President of the Province of Lodi
- Incumbent
- Assumed office 27 March 2022
- Preceded by: Francesco Passerini

Mayor of Maccastorna
- Incumbent
- Assumed office 26 May 2014
- Preceded by: Piero Giovanetti

Member of the Regional Council of Lombardy
- In office 23 April 2010 – 17 March 2013

Personal details
- Born: 16 July 1965 (age 61) Lodi, Province of Milan, Italy
- Education: Catholic University of the Sacred Heart

= Fabrizio Santantonio =

Italian politician (born 1965)

Fabrizio Santantonio (born 16 July 1965) is an Italian politician serving as president of the Province of Lodi since 2022. He has served as mayor of Maccastorna since 2014.

In the early 1990s, Santantonio served as a councillor in Massalengo and Lodi for Christian Democracy. From 1999 to 2009, he served as assessor for agriculture of the Province of Lodi. In the 2010 Lombard regional election, he was elected to the Regional Council of Lombardy for the Democratic Party.

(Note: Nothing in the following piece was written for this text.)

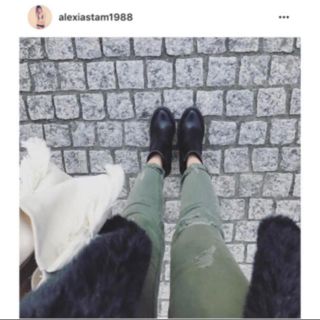 ザラ(ZARA)の山中美智子 愛用 ダメージスキニーパンツ カーキ ボトム ザラ ZARA デニム(スキニーパンツ)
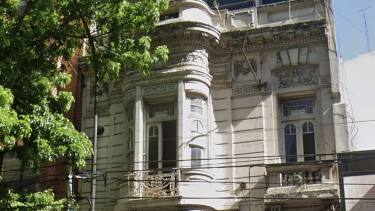 Rematarán un petit hotel en desuso que iba a ser sede de la Universidad de Madres de Plaza de Mayo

In the 2022 provincial election, Santantonio, supported by the centre-left coalition and the civic lists, was elected president of the Province of Lodi, defeating incumbent Francesco Passerini, the centre-right candidate. Santantonio received 46,148 weighted votes (54.0%), compared with 39,297 (46.0%) for Passerini. He was re-confirmed for a second term, receiving 59.46% of the weighted vote against 40.54% for centre-right candidate Elia Delmiglio.